ANCHORAGE (KTUU) - THURSDAY 4 p.m. UPDATE:
From Alaska State Troopers
The two pilots who died in Sunday's plane crash near Togiak are identified as Timothy Cline, 43 of Homer, and Drew Welty, 29 of Anchorage, according to Alaska State Troopers.
Relatives of both men have been notified.
WEDNESDAY MORNING UPDATE:
The passenger killed in a small plane crash near Togiak on Sunday has been identified as 49-year-old Louie John from Manokotak.
The two pilots on board the Cessna have not yet been publicly identified pending notification of their family members, troopers say.
MONDAY AFTERNOON UPDATE:
Investigators arrived today at the steep, rocky site where a Cessna 208 crashed Sunday in Western Alaska, killing all three people on board.
The crash is the second fatal accident this year for Hageland Aviation, doing business as Ravn Connect, following a deadly mid-air collision Aug. 31 near Russian Mission. The operator, along with parent company HoTH Inc., was the subject of an urgent safety recommendation by the National Transportation Safety Board surrounding a series of accidents between late 2012 and 2014.
At that time, the NTSB called on the Federal Aviation Administration to audit HoTH Inc. – a collection that represents the busiest commuter airline in Alaska and included Hageland, Frontier Flying Services and Era Aviation and does business as Ravn Alaska, Ravn Connect and Corvus Airlines. Safety investigators had found shortcomings in the implementation of operator’s risk assessment program, such as flights being approved without proper safeguards, as well as flaws in how the FAA handled oversight of the carriers.

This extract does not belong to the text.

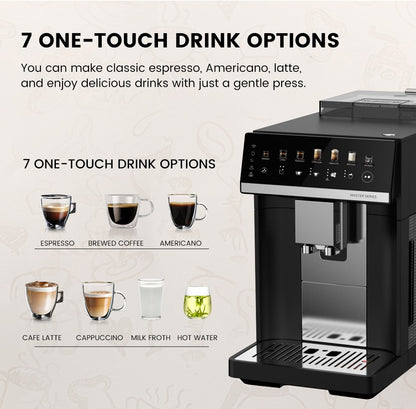 Máquina de Café Expresso Automática Mcilpoog M3 – Espumador e Reservatório de Leite Integrados, 7 Variedades de Café, Tela Sensível ao Toque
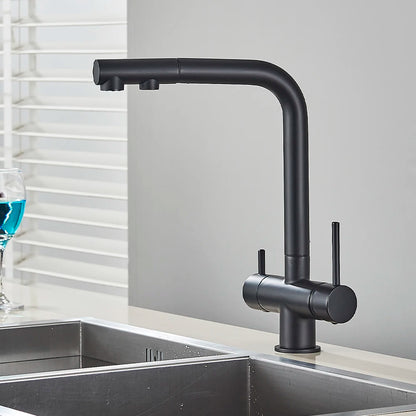 Chrom gefilterter Wasserhahn Messing Luftreiniger Küchenarmatur Doppelgriff Trinkwassergefäß Waschbecken Mischbatterie Torneira für die Küche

“I have to say, since that time, Hageland and Ravn have installed a state-of-the-art control center in Palmer,” said NTSB Alaska region chief Clint Johnson. “It's one Alaska has never seen the likes of.”
HoTH Inc. and affiliated air carriers reported no flight accidents from the time the NTSB published its recommendation until the August mid-air collision with a Renfro’s Alaska Adventure Super Cub, according to a review of NTSB records.
“I believe after the audit came out, and the inspection came, the company took some very unusual steps and made some remarkable tools to reverse the trend,” said Harry Kieling, of the Alaska Aviation Safety Foundation.
The investigation into the Monday crash, meantime, is just beginning.
“We look at each one of these events on a case-by-case basis, and that's exactly what we're doing in this case,” Johnson said. “(It’s) way too early to see if there are any similarities between this accident and the other accident that happened with Hageland or Ravn Connect.”
Three people are dead following a small plane crash near Togiak on Sunday afternoon, Alaska State Troopers say.
The Cessna 208 was travelling from Quinhagak to Togiak carrying three people on board, two of which were Hageland Aviation pilots, troopers wrote in a dispatch posted online.
Troopers in Dillingham were notified at around 1:26 p.m. yesterday that the plane’s emergency locator beacon had been activated. A trooper helicopter responded and successfully located the crash site about 12 miles West of Togiak. No survivors were located, troopers said.
“The National Safety Board (NTSB) and the Federal Aviation Administration have been notified and will be responding to the crash site to assist in the investigation already being conducted by the Alaska State Troopers,” troopers wrote.
According to NTSB regional chief Clint Johnson, two NTSB investigators will travel to Dillingham at daybreak on Monday. Troopers will the transport the investigators to the crash site which is located on very steep rough terrain that is only accessible by helicopter, Johnson said.
The aircraft was operated by Hageland Aviation Services doing business as Ravn Connect flight #3153, the airliner confirmed on Sunday.
As of Monday morning, authorities have not yet publicly identified the victims pending notification of family members. Efforts to recover the bodies and the wreckage will begin on Monday. Troopers say the investigation is ongoing.
Togiak is a village in Western Alaska about 130 miles south of Bethel.
Another Cessna 208 operated by Ravn was involved in a fatal mid-air collision with a Super Cub last month.
BELOW: Photo from Alaska State Troopers
Correction: Ravn Connect flight #3153 was traveling from Quinhagak to Togiak at the time of the crash, not from Togiak to Quinhagak as was previously reported.